My question to you is do you think it would benefit us at all if I encouraged him to take a look at them, though still allow me to take care of the bills? I never ask him not to, but I've never asked him to either. He knows where he can find all the login information. We get lots of bills online and lots through the mail, and he has access to the email address the bills come to and I never stop him from looking at the others in print. I've probably asked him if he's interested in looking at them before I mail them off, but that would have been over a year ago and I probably didn't encourage it. Do you think it would help our relationship if he saw them? We saw a marriage counselor for three sessions before we decided she wasn't worth the money, finances never came up in our meetings. I've never asked anyone about money before, I thank you for any advice you have to offer.


----------



## lamaga (May 8, 2012)

What was the fight about?

Your proposed solution is about giving him more access to the info, but is that what the fight was about? If it was about him spending too much, that's probably not going to address the issue.


----------



## kitkateybug (Jun 9, 2012)

Sorry I forgot that part. Access of information never comes up in our fights. It's always about how we're in debt, it sucks, you've done this enough already, I wish I could do that, we gotta stop this and that if we're ever going to get better. Honestly I don't know how him looking at our info would help at all and I don't think he cares anyway, but something has to change if we're ever going to stop these fights. I'm hoping to find some ideas. Thanks.


----------



## GhostRydr (Jun 2, 2012)

Put pride aside and ask him to look at things and see if he sees something that maybe you have overlooked in how to manage the finances. If he does and does a suggestion, you are obligated to not get defensive because its his right to look, ask, etc.

Other than that, you guys need to come up with a plan to consolidate, pay off bills so there is more money. Do you work?


----------



## SunnyT (Jun 22, 2011)

You should read Dave Ramsey.... about how to get out of debt, and how to get rid of the credit cards. 

I read in your other post that you use credit cards for groceries and "errands".... and only pay minimum balance.

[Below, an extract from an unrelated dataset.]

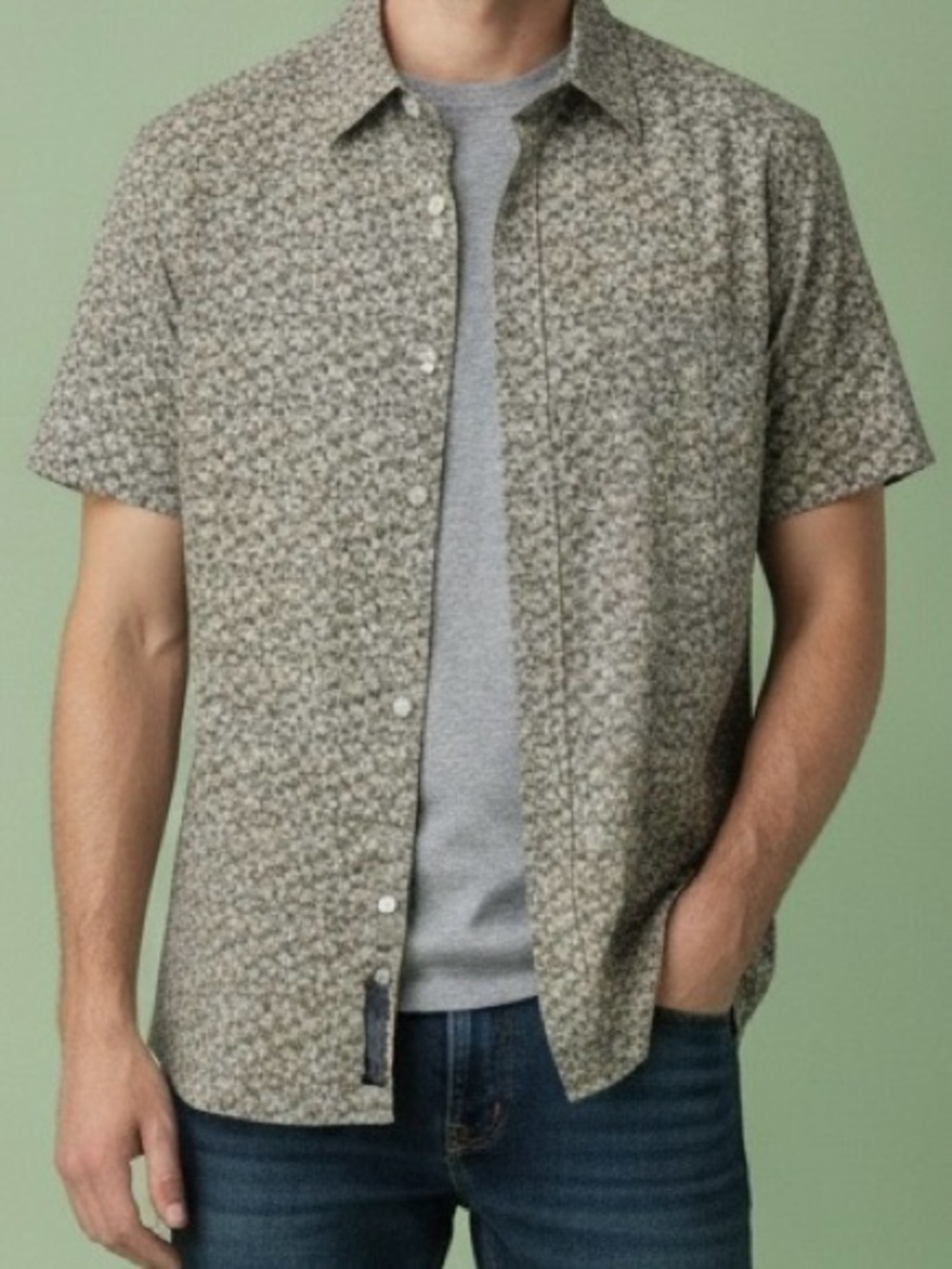 NWT Van HEUSEN Short-Sleeve Sage Green Grape Leaf Button-Up Shirt Small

So all you are doing is digging yourselves a deeper hole. Dave Ramsey teaches you how to get out of the hole. 

Of course, the biggest thing he says is... you need to stop using the credit cards and make more income so that you can pay down the debt you already have. 

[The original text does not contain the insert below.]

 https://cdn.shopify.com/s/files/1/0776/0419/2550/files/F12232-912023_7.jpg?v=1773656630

I think YOU have GOT to get a job. Even if it's McDonalds type stuff.... you could use your income for groceries and errands, and not get deeper and deeper in debt. Nothing will change if you don't take steps to make the changes!


----------



## MEM2020 (Aug 23, 2009)

Kit,
It seems you feel your responsibility as "CFO" begins and ends with pointing out that there "isn't enough money". 

The way this sounds to me is you are really telling him: "You don't make enough money for us to live the way I WANT to live, which includes having enough to do more stuff AND have more savings." 

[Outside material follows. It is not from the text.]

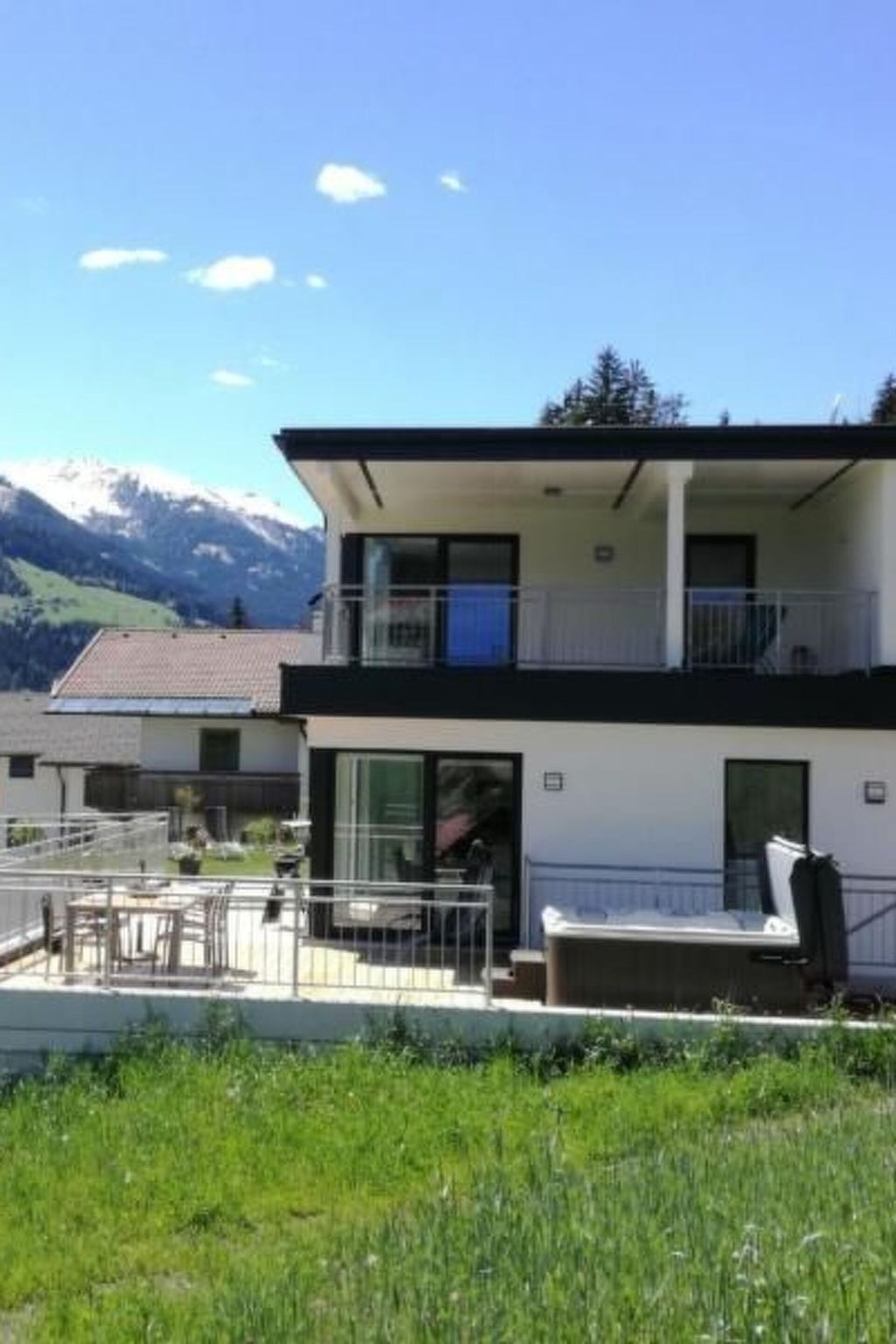 2-Bed House with Mountain View in Lienz, Sleeps 4, 1284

I haven't heard you mention what you are DOING to help cut costs OR generate income through your OWN efforts. 

It is nice that you pay the bills, but lets not equate pushing buttons on a computer with working 6 days a week at a physical job. 

It sounds like your role in this is primarily "whipping the horse" hoping you can make it run faster. Not saying you yell at him or are abusive. Instead it is a "I am unhappy" with our financial situation conversation during which you completely skip over what YOU could do to make it better. 






kitkateybug said:


> Every three months or so dh and I have a fight about our finances, it's always the same. Starts small, about an hour of high tempers and raised voices, a little bit of silent treatment that evening and the next day and then we have our apologies when he gets home from work. Maybe someone can offer advice since I found this site this weekend. I think this time it was my *****ing about our master card balance that started it, I believe it to be a valid and necessary topic. And I can understand that he thought I could have been bringing it up too much but I don't know how else we're supposed to resolve this. Do you?
> 
> I'm the CFO of the house and I have been for six years, even before we were married when we lived together. We have good credit, I'm doing a good job. I like doing it but I've never asked him if he wants to. I can only assume he doesn't, but would it benefit us if I at least asked? He has access to our bank accounts including separate mortgage, credit, utility accounts, and everything else I use. I don't know if he looks at them though, but I don't think he does.
> 
> My question to you is do you think it would benefit us at all if I encouraged him to take a look at them, though still allow me to take care of the bills? I never ask him not to, but I've never asked him to either. He knows where he can find all the login information. We get lots of bills online and lots through the mail, and he has access to the email address the bills come to and I never stop him from looking at the others in print. I've probably asked him if he's interested in looking at them before I mail them off, but that would have been over a year ago and I probably didn't encourage it. Do you think it would help our relationship if he saw them? We saw a marriage counselor for three sessions before we decided she wasn't worth the money, finances never came up in our meetings. I've never asked anyone about money before, I thank you for any advice you have to offer.


----------



## bluelaser (May 26, 2012)

MEM11363 said:


> It sounds like your role in this is primarily "whipping the horse" hoping you can make it run faster. Not saying you yell at him or are abusive. Instead it is a "I am unhappy" with our financial situation conversation during which you completely skip over what YOU could do to make it better.


:iagree:

In addition there is a contradiction to what kitkateybug is saying. On one hand she says she is the CFO who does a good job on the other hand she has financial problems and constant arguments about her credit card balance. 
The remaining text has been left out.